As Chicago grew from swampland in the mid-nineteenth century to one of the world's biggest cities in the 1920s, it became congested; the city exhibited the same urban problems found in other cities like New York and London. Hence, many people sought refuge, and Evanston proved to be a place for which residents migrated, notably due to a rapid transit system that connected Evanston to Chicago's downtown, created during the first two decades of the twentieth century. The transit system and migration coincided with a building boom, including several apartments such as the 1923-built Andridge Apartments and its two courtyards.
The strong U.S. economy not only helped Chicago enjoy its Bungalow Boom in the 1920s (100,000 single-dwelling cottages were built the Chicago metro region) but also led the tremendous growth in apartment construction nationwide; an average of 226,000 multiple-family dwelling units arose each year from 1924-1928. However, in Chicago and Evanston, as was the case in many places, apartments enjoyed features that would promote healthier living.

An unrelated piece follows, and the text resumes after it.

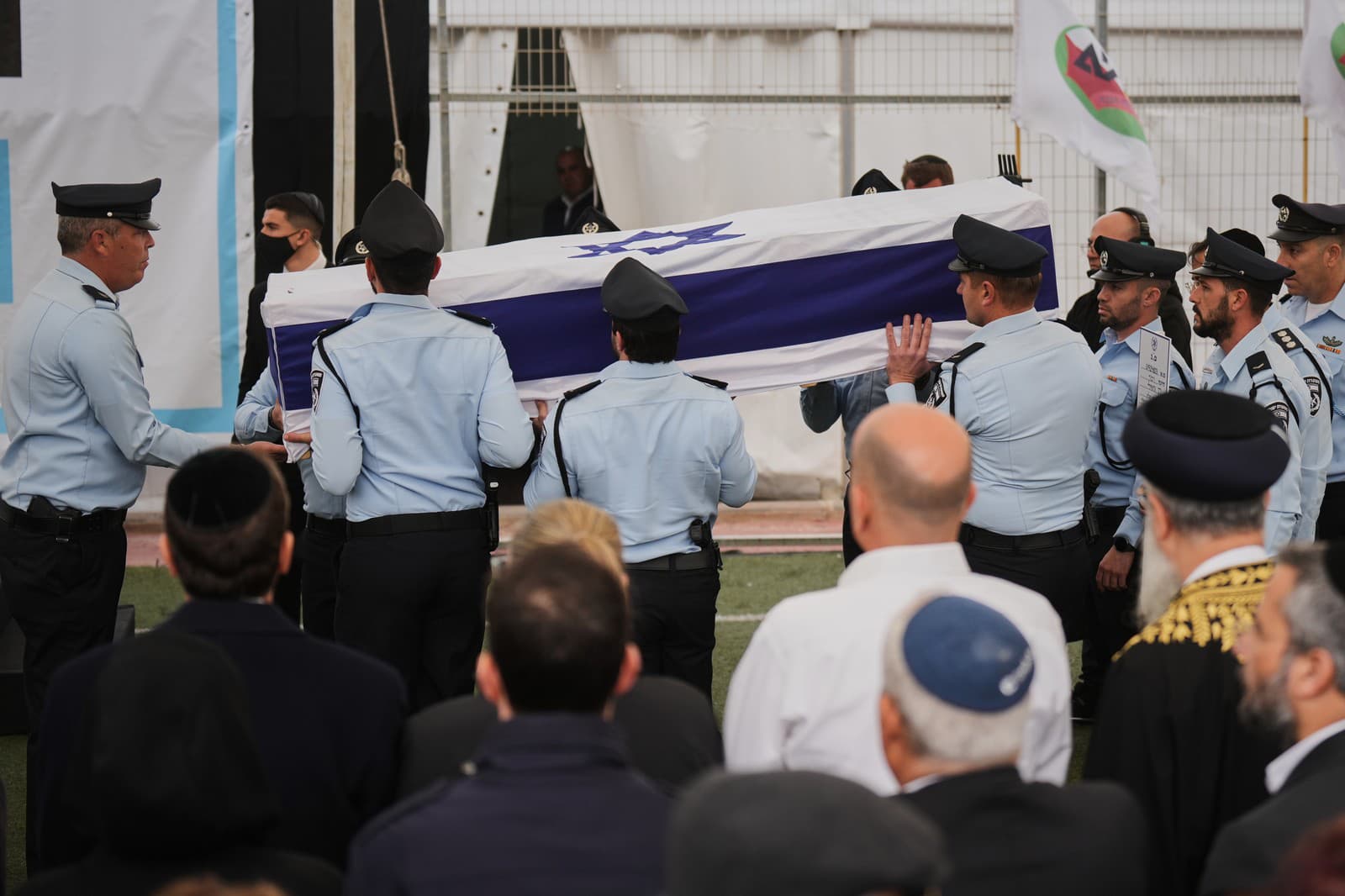 Policajti nesú rakvu s telesnými pozostatkami Rana Gviliho, posledného rukojemníka vydaného Hamasom z Pásma Gazy, počas jeho pohrebu v izraelskom meste Meitar.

Progressive Jane Addams proved influential nationally, and certainly locally in her hometown of Chicago (and the suburbs) by promoting that healthy living led to healthy citizens, which meant for a better democracy. Much of that can be seen with apartments such a the Andridge and its unique S-type design. With one courtyard facing Church Street and the other facing Ridge Ave., residents enjoyed plenty of light and cross-ventilation, as well as outdoor space -- both features missing from must urban dwellings at the height of the Industrial Revolution.